I have an ArangoDB with two collections, one for Documents, and one for Edges, I'd like an efficient query capable of only returning the Edges that share the same _to
and _from
values.
For example, assume my Documents Collection contains A, B, C, and D. Let's also assume my Edges Collection contains X, Y, and Z.
Edge X is _from
A and _to
B.
Edge Y is _from
A and _to
B as well.
Edge Z is _from
C and _to
D.
However, I do not know that X and Y are basically the same Edge, and I don't know that the Documents that share similar Edges are A & B. My query is to seek out these duplicate Edges.
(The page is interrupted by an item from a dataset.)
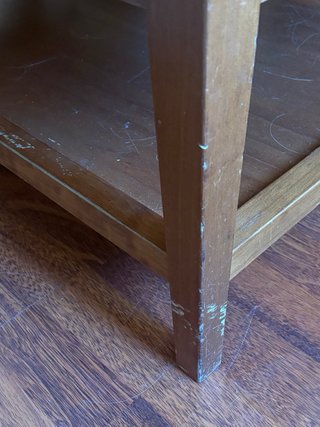 Mesa elevable de madera y cristal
What I have so far looks like this:
FOR ec1 IN edge_collection
FOR ec2 IN edge_collection
FILTER ec1._key != ec2._key AND ec1._to == ec2._to AND ec1._from == ec2._from
RETURN ec1
This seems to work, though it also feels terribly inefficient. Is there a better way to go about doing this, or is this the best possible solution with AQL?
You can group by _from
and _to
, count how many edges there are per group, and filter out the unique combinations:
FOR ec IN edge_collection
COLLECT from = ec._from, to = ec._to WITH COUNT INTO count
FILTER count > 1
RETURN { from, to, count }
Or if you want to return the edge keys as well:
FOR ec IN edge_collection
COLLECT from = ec._from, to = ec._to INTO edges = ec._key
LET count = LENGTH(edges)
FILTER count > 1
RETURN { from, to, count, edges }
Alternatively using an aggregation instead of a post-calculation:
FOR ec IN edge_collection
COLLECT from = ec._from, to = ec._to AGGREGATE count = LENGTH(1) INTO edges = ec._key
FILTER count > 1
RETURN { from, to, count, edges }
To return the full edges use INTO edges = ec
instead. You could also use just INTO edges
but then each edge will be nested in an object {"ec": … }
.